You would then access the device via http://192.168.1.1:8080
Unfortunately not as if I add another OpenWRT/LEDE router 10.188.0.2 with wlan0 to another IP camera with IP address 192.168.1.1 then there will be a conflict. I need it to be accessed via 10.188.0.1 etc so that all devices only need 10.0.0.0/8 network access. Also I cannot modify the firmware on the IP camera to alter the routing tables.
So if I understand correctly I can't forward traffic from 10.188.0.1:8080 to 192.168.1.1:8080 because 192.168.1.1 does not know route back to 10.0.0.0/8?
Is there another standalone utility that can run on the OpenWRT/LEDE router to listen on 10.188.0.1 port 8080 and relay traffic to and from a TCP connection to 192.168.1.1 port 8080? Like a middle man utility.
Aaah, I flipped the octets in my mind while reading...but as you noted that IP is on LAN, unless you want to setup an odd redirect that places the packet in wlan then routes it back...I don't understand what you're trying to accomplish, though.
You NEVER purposely configure networks to have conflicts...perhaps I'm confused...
Are you saying that you plan to add an AP and router each time you want a new camera???

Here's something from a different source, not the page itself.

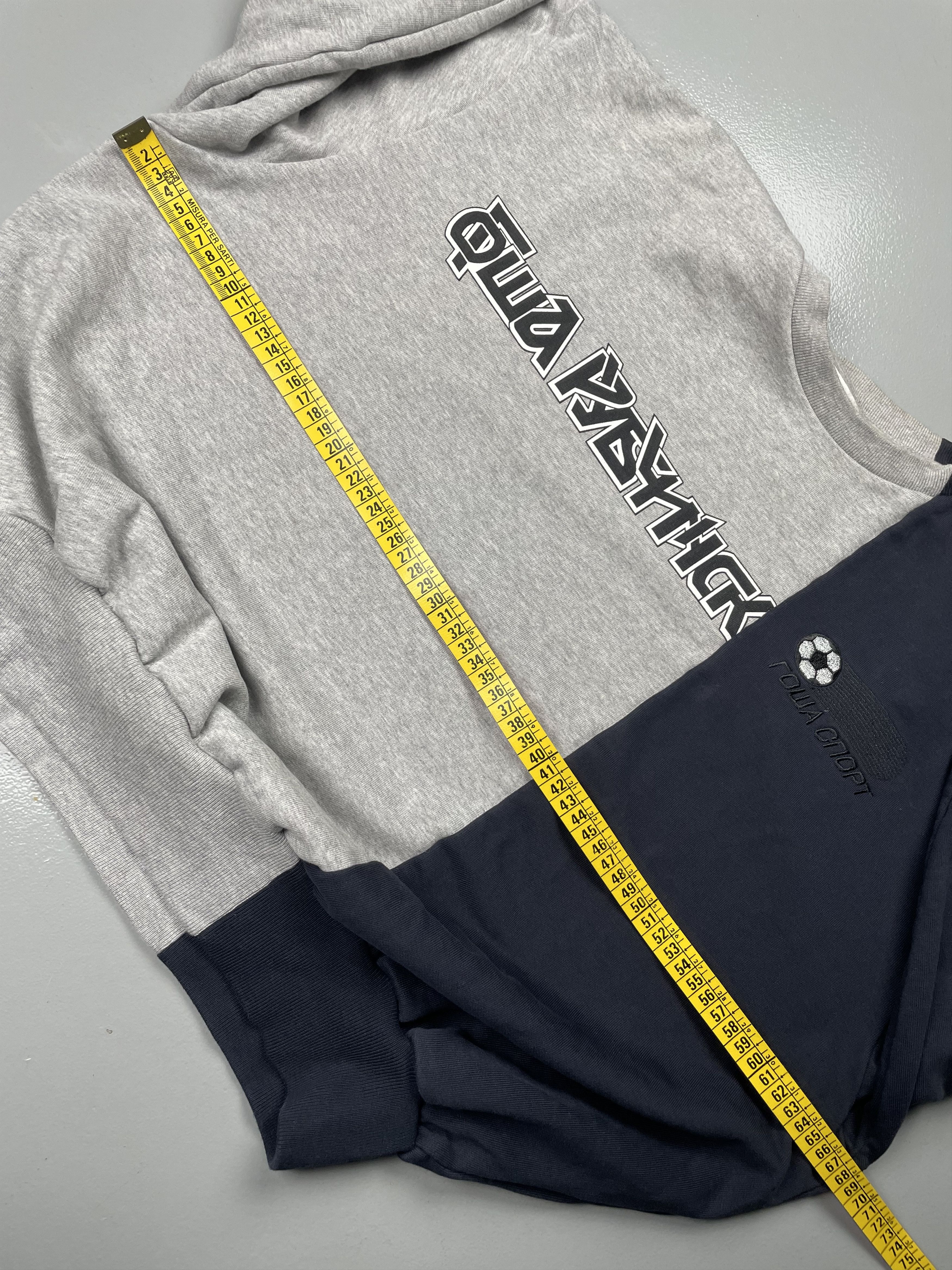 Gosha Rubchinskiy Gosha Rubchinskiy S/S 2018 split crewneck - size XS Size US XS / EU 42 / 0 - 12 Thumbnail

That makes no sense, you can configure one router properly and simply not waste equipment. Most even use multiple SSIDs, so you can get a 2nd IP from the AP if you need to.
YOU CAN, IF YOU ENABLE MASQUERADE FROM 10/8 to 192.168.1.0/24...but you can't have conflicting 192.168.1.0/24 networks!!!
As you just said yourself, you plan to configure a conflict in the future.
You're making this setup extremely confusing for yourself; and anyone trying to assist you.
Again thanks for the help. I think the confusion is in me trying to explain the scenario. The AP IS the camera! I don't plan to add a conflict but it is inevitable as the cameras have fixed IP of 192.168.1.1 and to add another camera to the network without a level of abstraction is to create a conflict.
Whether or not this can be achieved with the firewall port forwarding I'm not sure but I have solved the problem with:
With this I am able to browse to http://10.188.0.1:8080/ and get the IP camera web interface.
I can create another router with identical setup but IP address 10.188.0.2 connected to another camera in another building and browse to that camera with http://10.188.0.2:8080/
Not sure if it's the most efficient solution, but it works!